二世帯住宅は「完全分離型」「一部共用型」「完全同居用型」の3種類に分類することができます。それぞれどのような特徴があるのかをみていきましょう。

完全分離型

完全分離型とは、それぞれの世帯の住居が、ひとつの住宅として完結した機能をもつ二世帯住宅です。世帯を分離する方法は、長屋やテラスハウスのように壁を挟んだものと、1階と2階の階数で分離する重層長屋方式があります。

それぞれの世帯が完結しているので、二世帯住宅だけでなく、まったく他人の二世帯が使用することも可能です。

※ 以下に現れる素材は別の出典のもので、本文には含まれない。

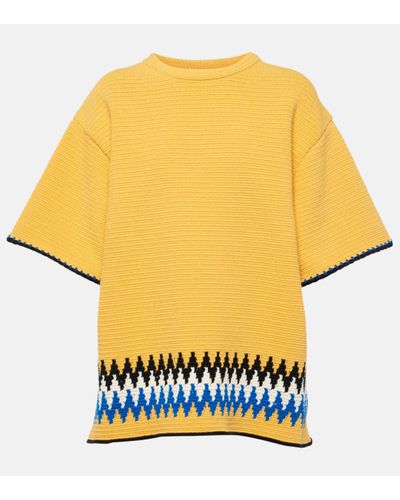 Jil Sander Jacquard-trimmed Cotton Jersey T-shirt - Yellow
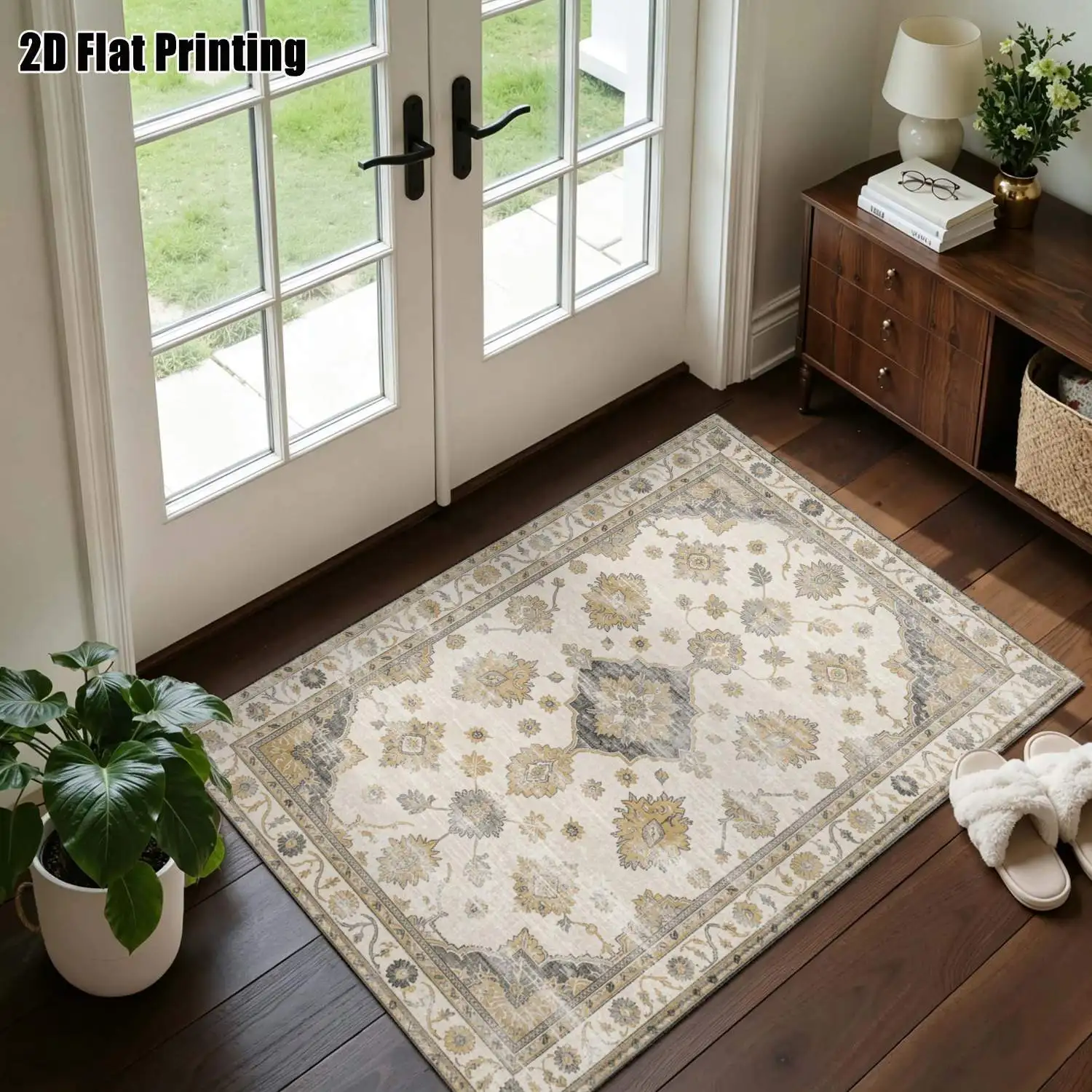 1Pc 2D Printed Retro Floral/Beige Geometric Vintage Carpets, Machine Washable, Multi-Size Home Decor Rugs for Living Room, Bedroom, Dining Room, Entrance, Study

建築基準法上の用途は「長屋」もしくは「共同住宅」として扱われます。このためそれぞれの世帯を分ける壁や床は、防火機能を有する「界壁」とする必要があります。

また水道や電気は世帯毎に引くので、それぞれの世帯でメーターが設置されることになります。このため光熱費はそれぞれの世帯で契約をします。

一部共用型

一部共用型とは、玄関、ダイニング、リビング、浴室、トイレなどの機能の一部もしくはすべてを、それぞれの世帯専用として使用するタイプの二世帯住宅です。

どの機能を専用にするかは、家族の価値観や工事予算によって異なります。一部共用とした場合、お互いの世帯への行き来が自由にできるので、プライバシーの確保は完全にはできません。

完全同居型

完全同居型は、個室以外の部屋はすべて共用で使用するタイプの二世帯住宅です。他のタイプの二世帯住宅と比べて、建築工事費は安く収まるのですが、プライバシーがほとんど確保できないという点が課題になります。

二世帯住宅をスムーズに売却する方法

個性的なプランが多い二世帯住宅は、なかなか売却できないと考えられています。二世帯住宅をスムーズに売却するためには、どのような方法があるのでしょうか。ここでは、スムーズに売却する方法を解説していきます。

完全分離型は別々に販売する

完全分離型の場合、二世帯それぞれの住宅を別々に売り出すという方法が有効です。

二世帯住宅でよくみられる権利設定は、親の土地に親子共有名義の建物を建てるというものです。これだと別々に売り出すことはできませんから、土地を分筆して、建物も親子の所有区分を明確に分けておくことが必要になります。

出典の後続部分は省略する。